But here is an honest question for you. Why do you think that it would make sense for me to try to write up and publish a paper on arXv?

My view is that doing so would take a considerable amount of work. And the real-world constraints that matter to my clients don't seem to be in a direction that academics care much about, so I can't see them getting particularly interested in it. So it does not seem like it positively impacts my life.

I say this as someone who has several publications to my name. This fact has only once mattered to me. That once was when I needed to get sign-off from my current employer to have something I did before they hired me get published. Unfortunately my employer at the moment was eBay, they had just purchased Skype, and the paper that I was publishing among other things implied that Skype was unlikely to be worth what eBay had paid for it. This was..not fun.

If some research mathematician particularly wanted to sit down, pick my brains, and try to formalize the real-world constraints I've observed in my clients, that would be fine by me. It would only be fair in that case for me to be listed as a co-author. But unless that happens, I'm not going to try to publish a formal paper.

[cmansley]

I was encouraging you to write down your mathematical evidence of better performing algorithms, because I know from my experience that when I try to write down proofs, my assumptions and reasoning become clearer. And often a step in the proof or logic that seems trivial becomes less trivial once you actually try to lay out the proof.

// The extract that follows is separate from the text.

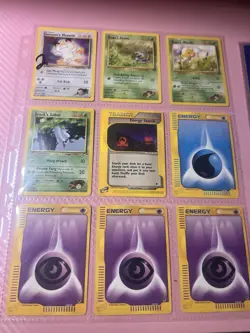 Nintendo Pokemon TCG 72-Card Base Set/ Gym/1st ed/Team Rocket/Neo/Sword & Shield - Image 3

I believe that one of two things will arise when you go to write up a mathematical proof. One, you will be dependent on a statistical test that makes a normal distribution assumption implicitly or explicitly. Two, you will dependent on a bound that only applies in the limit. There is a third possibility, which is the most interesting to me, which is that you are dependent on a period of stationarity in your data, in other words, the distribution you are measuring must be stationary.

The proofs in the MAB papers are not intentionally obtuse or ignoring mainstream statistical ideas. They are written that way to say very explicit things under well defined assumptions. Locking down assumptions and being very precise is what writing down a mathematical proof is all about.

[btilly]

You know, after disbelieving what I said about A/B testing only to find out that I was right, you might have adjusted your expectations of me. I've written formal proofs before. I have published papers in mathematics. I know what's involved. Please spare me the lecture.

In this case none of the three possibilities that you stated are correct. I have an algorithm about which the following statement is true:

Suppose that users arrive according to a Poisson process. Suppose further that the random reward function of putting them in to different versions is variable but satisfies the following properties:

1. There is a static upper bound on the expected value of each version.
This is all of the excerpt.